The word marama in the Tasmanian word lists caught the attention again today. The meaning given for it is ‘star’.
DEEP TIME
No-one quite knows when the last person was able to walk from the Australian mainland to Tasmania. Why it was possible at all was because it was the ice age — or more precisely the last ice age. In fact we are still in the remnants of that ice age, because ice is still piled up, sometimes kilometres thick it is said, in Antarctica. If it all melted, they say, sea levels would rise, around 60 metres. Your Amateur Researcher (YAR) really knows nothing of all this, but this much can be reasonably surmised. If many of the land masses on the planet in the last ice age looked like Antarctica today, with ice stacked on them say to a depth of two kilometres, and if the same amount of water existed then as now in one form or another, there would be lots of it on the land, and correspondingly much less in the oceans. Everywhere, not just in the Bass Strait. So often you could get from one place to another without a boat.

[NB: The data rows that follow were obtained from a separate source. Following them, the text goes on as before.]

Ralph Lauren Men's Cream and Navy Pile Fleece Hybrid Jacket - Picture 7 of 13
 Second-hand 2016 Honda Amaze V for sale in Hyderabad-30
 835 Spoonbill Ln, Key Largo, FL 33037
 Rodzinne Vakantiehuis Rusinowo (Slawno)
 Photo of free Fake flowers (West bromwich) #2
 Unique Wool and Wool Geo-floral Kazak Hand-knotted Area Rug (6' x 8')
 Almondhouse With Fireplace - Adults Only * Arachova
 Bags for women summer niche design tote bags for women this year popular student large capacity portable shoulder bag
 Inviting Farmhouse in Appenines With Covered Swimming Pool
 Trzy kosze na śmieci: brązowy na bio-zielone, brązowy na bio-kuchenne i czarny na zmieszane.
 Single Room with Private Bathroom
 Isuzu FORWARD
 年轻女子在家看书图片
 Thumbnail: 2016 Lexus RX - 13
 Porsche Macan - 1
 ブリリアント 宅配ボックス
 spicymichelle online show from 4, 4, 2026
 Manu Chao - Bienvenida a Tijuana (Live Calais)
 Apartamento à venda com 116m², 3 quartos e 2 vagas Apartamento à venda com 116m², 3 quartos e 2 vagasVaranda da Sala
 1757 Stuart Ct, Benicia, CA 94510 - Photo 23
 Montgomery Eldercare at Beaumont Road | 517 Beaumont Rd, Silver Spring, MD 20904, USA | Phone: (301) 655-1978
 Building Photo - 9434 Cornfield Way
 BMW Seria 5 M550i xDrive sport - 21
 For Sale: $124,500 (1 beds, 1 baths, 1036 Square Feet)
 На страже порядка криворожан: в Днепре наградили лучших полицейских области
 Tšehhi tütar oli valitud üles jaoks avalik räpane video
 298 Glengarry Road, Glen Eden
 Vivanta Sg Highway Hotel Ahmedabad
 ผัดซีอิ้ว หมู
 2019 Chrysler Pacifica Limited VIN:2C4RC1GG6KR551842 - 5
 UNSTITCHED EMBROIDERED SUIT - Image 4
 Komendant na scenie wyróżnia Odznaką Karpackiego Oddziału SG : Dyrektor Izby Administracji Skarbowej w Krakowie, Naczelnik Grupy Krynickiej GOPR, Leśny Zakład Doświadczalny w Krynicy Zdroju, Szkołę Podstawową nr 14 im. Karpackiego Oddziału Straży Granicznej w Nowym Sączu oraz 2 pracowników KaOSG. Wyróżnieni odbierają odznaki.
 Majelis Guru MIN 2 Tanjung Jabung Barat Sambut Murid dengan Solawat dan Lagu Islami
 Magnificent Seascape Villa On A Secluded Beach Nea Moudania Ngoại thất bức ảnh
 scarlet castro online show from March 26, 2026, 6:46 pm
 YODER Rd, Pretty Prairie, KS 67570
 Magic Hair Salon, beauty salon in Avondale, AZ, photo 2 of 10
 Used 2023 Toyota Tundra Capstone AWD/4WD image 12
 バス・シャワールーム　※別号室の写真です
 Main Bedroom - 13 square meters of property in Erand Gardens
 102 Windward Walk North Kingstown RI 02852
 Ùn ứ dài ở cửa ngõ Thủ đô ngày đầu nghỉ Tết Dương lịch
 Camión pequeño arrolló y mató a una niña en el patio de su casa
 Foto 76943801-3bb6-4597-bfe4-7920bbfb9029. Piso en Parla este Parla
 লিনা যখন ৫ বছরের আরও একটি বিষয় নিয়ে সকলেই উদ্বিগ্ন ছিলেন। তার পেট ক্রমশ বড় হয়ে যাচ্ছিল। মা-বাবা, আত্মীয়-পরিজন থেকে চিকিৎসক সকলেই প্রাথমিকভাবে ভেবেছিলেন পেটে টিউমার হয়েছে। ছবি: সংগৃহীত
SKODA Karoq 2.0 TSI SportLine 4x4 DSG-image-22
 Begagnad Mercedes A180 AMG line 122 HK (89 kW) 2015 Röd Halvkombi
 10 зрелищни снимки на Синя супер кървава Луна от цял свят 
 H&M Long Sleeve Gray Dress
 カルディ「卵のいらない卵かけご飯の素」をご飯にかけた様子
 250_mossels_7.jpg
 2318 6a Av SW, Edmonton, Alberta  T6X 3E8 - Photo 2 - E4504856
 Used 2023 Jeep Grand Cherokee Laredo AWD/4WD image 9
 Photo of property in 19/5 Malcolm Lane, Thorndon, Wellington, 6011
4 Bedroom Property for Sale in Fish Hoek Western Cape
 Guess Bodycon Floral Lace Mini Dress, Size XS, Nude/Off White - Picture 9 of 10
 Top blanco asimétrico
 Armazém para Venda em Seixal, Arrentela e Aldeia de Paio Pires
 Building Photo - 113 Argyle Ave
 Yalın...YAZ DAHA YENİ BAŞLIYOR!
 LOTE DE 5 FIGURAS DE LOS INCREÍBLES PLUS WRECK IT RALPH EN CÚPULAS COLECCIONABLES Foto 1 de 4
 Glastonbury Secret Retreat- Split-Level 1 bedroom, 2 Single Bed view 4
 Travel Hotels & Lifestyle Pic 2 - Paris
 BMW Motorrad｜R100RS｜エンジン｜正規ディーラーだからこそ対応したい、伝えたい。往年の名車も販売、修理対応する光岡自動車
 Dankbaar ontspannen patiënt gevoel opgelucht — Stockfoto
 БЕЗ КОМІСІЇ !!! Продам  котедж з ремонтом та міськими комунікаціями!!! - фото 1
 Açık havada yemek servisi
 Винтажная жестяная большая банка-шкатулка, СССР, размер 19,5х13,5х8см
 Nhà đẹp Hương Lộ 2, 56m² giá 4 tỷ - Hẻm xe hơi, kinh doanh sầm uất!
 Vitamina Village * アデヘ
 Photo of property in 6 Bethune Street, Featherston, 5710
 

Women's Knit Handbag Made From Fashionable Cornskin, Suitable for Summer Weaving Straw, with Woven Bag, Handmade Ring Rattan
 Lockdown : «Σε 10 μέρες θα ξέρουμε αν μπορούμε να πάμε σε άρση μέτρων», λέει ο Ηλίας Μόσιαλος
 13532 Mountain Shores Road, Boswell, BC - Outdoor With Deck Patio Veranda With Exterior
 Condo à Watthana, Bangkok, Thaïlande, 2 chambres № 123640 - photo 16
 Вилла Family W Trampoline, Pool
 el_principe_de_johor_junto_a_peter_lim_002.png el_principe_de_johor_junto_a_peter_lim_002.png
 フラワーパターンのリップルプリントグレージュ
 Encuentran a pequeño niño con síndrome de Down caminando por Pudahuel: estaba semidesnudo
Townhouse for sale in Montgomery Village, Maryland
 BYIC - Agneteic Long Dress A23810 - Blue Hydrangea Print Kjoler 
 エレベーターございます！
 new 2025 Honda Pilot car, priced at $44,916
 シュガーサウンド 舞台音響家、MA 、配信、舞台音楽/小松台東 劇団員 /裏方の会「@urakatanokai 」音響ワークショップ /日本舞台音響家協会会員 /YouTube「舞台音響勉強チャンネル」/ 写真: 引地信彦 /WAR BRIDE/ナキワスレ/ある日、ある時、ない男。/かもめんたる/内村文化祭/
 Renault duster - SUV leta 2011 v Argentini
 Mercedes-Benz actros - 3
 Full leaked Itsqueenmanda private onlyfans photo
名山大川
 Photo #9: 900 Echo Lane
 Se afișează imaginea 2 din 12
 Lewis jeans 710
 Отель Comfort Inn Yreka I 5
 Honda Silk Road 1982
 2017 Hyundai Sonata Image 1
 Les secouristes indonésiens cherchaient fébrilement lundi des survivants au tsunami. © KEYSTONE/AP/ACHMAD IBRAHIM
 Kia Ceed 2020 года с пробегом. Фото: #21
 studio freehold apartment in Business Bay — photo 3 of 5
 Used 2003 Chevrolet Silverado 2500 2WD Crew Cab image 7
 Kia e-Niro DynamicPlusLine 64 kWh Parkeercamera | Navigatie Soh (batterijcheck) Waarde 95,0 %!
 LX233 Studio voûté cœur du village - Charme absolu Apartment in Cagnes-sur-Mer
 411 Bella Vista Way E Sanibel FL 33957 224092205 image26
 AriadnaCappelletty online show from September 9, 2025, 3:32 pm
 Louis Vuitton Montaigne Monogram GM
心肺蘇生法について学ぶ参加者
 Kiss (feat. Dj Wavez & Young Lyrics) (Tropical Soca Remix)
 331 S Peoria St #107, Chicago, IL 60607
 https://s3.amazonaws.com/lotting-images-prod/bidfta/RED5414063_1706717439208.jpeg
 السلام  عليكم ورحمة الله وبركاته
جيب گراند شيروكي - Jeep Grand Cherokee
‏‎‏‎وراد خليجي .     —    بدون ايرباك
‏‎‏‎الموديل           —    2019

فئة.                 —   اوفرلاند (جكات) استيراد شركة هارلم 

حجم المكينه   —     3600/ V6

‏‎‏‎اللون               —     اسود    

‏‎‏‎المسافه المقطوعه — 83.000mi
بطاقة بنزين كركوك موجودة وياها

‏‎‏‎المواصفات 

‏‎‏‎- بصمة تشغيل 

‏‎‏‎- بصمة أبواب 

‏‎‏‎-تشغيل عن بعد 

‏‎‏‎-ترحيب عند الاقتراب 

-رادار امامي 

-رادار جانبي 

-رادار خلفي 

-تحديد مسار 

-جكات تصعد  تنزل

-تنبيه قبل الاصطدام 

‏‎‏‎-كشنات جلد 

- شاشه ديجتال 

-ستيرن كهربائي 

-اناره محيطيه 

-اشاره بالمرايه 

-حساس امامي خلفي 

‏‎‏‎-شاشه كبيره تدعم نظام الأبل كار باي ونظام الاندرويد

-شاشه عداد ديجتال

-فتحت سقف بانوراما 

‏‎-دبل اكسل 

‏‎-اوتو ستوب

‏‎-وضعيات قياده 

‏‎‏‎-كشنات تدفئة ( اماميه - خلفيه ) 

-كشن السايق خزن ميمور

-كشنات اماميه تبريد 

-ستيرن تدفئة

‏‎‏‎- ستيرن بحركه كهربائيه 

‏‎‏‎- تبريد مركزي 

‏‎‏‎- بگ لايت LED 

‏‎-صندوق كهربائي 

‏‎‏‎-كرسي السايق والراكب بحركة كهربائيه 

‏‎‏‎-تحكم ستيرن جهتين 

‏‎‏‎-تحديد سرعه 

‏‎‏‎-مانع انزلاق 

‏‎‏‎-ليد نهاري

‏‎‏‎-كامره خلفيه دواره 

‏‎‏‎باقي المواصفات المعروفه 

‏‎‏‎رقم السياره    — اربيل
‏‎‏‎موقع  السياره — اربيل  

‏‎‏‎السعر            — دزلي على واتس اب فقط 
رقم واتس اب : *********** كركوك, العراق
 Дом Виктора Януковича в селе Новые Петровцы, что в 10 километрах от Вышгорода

But eventually the ice age mostly went away, and water returned to the oceans. The sea levels rose and Tasmania was isolated. Thus the Aboriginals who had lived there for say 40 000 years were separated from the rest — let’s say 10 000 years ago. That’s twice the time from the building of the Pyramids to the present. A huge long time, and all the while with nothing ever written down. Now back to today.
marama
So marama means ‘star’, according to the records:
Fig. 1 Marama: stars
This appears to be the record that various others have subsequently copied. The author of it was one Jorgen Jorgenson, who produced one of the best lists of Tasmanian words. This actual record is from the papers of T.H. Braim, held by the Mitchell Library (State Library of NSW, reference MLA 614). It is in turn recorded on the Tasmanian Bayala Database as follows:
‘T-W’ (i.e. Tasmania West) in the ‘Source’ column reveals that the word was taken down on the western side of the island.
So what? Well, for those who might wonder whether the Tasmanian languages arose entirely separately from those on the mainland, there is the following evidence, or coincidence, to consider.
SYDNEY
In the Anon notebook, compiled by one or more of the First Fleeters around 1790-91, there is the following entry:
Fig. 3 ‘The sun setting red’
This record also features in the Bayala databases, the one entitled ALLSYD, as follows:
Fig. 4: dyara marama guwing: red shine sun
The question arises, which actual word means what?
Red
While there are several other records suggesting that dyara means ‘bone’ and ‘distress’, there are also the following where it (or a word like it) indicates ‘redness’:
Fig. 5: dyara: red
Sun
While YAR could readily provide a comprehensive table to show that guwing means ‘sun’, the following simplest one will do:
Fig. 6: guwing: ‘sun’
Shine
So that leaves marama, for which the meaning suggested in the yellow column of (Tasmania) Fig. 2 is ‘star’, and in (Sydney) Fig. 4, ‘shine’. Stars shine, that’s a fact. And it could be just a coincidence that the same word for these ideas is used by different languages far apart in space, and by languages far apart in time (Sydney language: AD 1790; Tasmanian: from pre ice age).
More coincidences
Can it also be a coincidence that the Wiradhuri language [Wira] in central NSW, and Muruwari [Mrwi] up on the Queensland border, also have words identical or similar to marama for ‘shine’ / ‘star’, as indicated in the table below?
Fig. 7 Inland examples of ‘shine’, ‘star’
CONCLUSION
While ‘star’ and ‘shine’ are from the point of view of modern speakers of English — and other languages — quite different concepts, Aboriginal people might well have used one word for both ideas. Stars do shine. And when Aboriginal informants were asked what those little lights in the night sky were they might have stated the obvious: ‘Shine’.
Perhaps marama is the only such example of a trace of the mainland in Tasmanian languages. In fact it is not. Other words with mainland links include dark, dive, eat, eye, fear, laugh, path, quick, rise, swim, tongue and others. Some of these might possibly have been recorded from Sydney men who had been involuntary visitors to Van Diemen’s Land in the early days. In some such way, ‘kangaroo’ from far north Queensland was recorded in Recherche Bay in south-east Tasmania in the 1790s. However, it would seem unlikely that all such words can have been imports of this sort, and that some at least must have been residual forms from the ancient Australian language presumed to have been common across much of the land mass in prehistoric times.